Die Experten waren sich einig, dass der Wirtschaftskriminalität im Internet mit rein national operierenden Ermittlungsbehörden nicht beizukommen ist. Zu allem Elend seien auch die wenigen Beamten in den Kantonen noch hoffnungslos überfordert. Einen wirkungsvollen Lösungsansatz sieht Cyber-Crime-Kenner Christof Müller in der Einführung des Verursacherprinzips und der Teilprivatisierung der Ermittlung: "Wer Geld verdienen will, muss auch für die Bekämpfung der negativen Erscheinungen zahlen." Konkret forderte Müller bei Grossfusionen wie dem amerikanischen Internetprovider AOL mit dem Verlagshaus Time Warner die Erhebung einer Missbrauchsabgabe in einer Grössenordnung von 100 Millionen Franken. Mit diesen Geldern soll eine private Task Force aufgebaut werden, die die Ergebnisse ihrer professionellen Ermittlungen "pfannenfertig an die Justizbehörden übergibt".

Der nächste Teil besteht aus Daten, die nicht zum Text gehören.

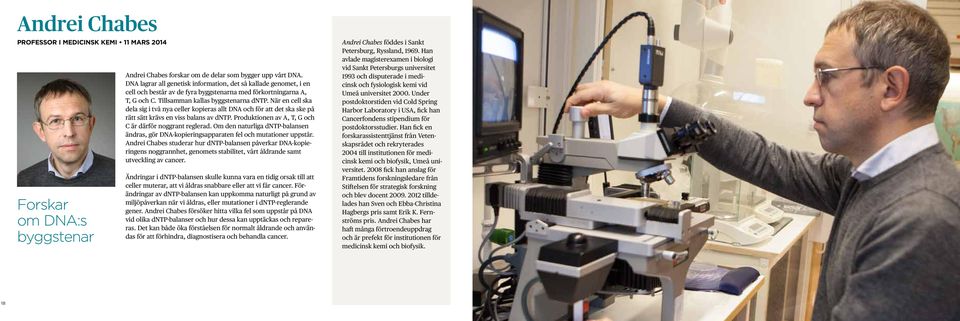 När en cell ska dela sig i två nya celler kopieras allt DNA och för att det ska ske på rätt sätt krävs en viss balans av dntp. Produktionen av A, T, G och C är därför noggrant reglerad.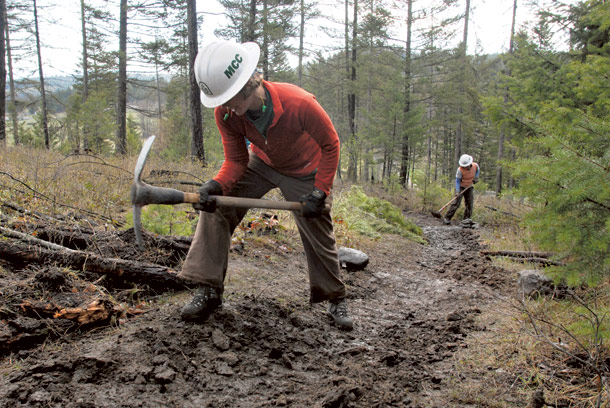County Receives $400,000 to Create Community Forest Above Herron Park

Der frühere Zürcher Bezirksanwalt Lucius Blattner relativierte diesen Vorschlag insofern, als private Investigatoren nicht zu Beschlagnahmungen, Durchsuchungen, Verhaftungen und Abhörungen befugt sind. Dennoch glaubt Blattner zuversichtlich, dass auch in der Schweiz der Arm der Strafverfolgung digitaler Delikte in den kommenden Jahren stark wachsen wird. Dabei gelte es aber, eine ganze Anzahl Probleme beiseite zu schaffen. So sei in der Schweiz derzeit ein "politischer Unwille" vorhanden, die Bekämpfung der Cyber-Kriminalität mit mehr personelle Ressourcen auszustatten, derweil die amerikanische Wertpapier-Aufsichtsbehörde 75 Spezialisten allein für die Internet-Überwachung beschäftigt. Zudem seien Polizeibeamte und Staatsanwälte meist "unerfahren und nicht geschult" - und auch bei weitem nicht so agil wie es ihre Gegner im Untergrund längst sind.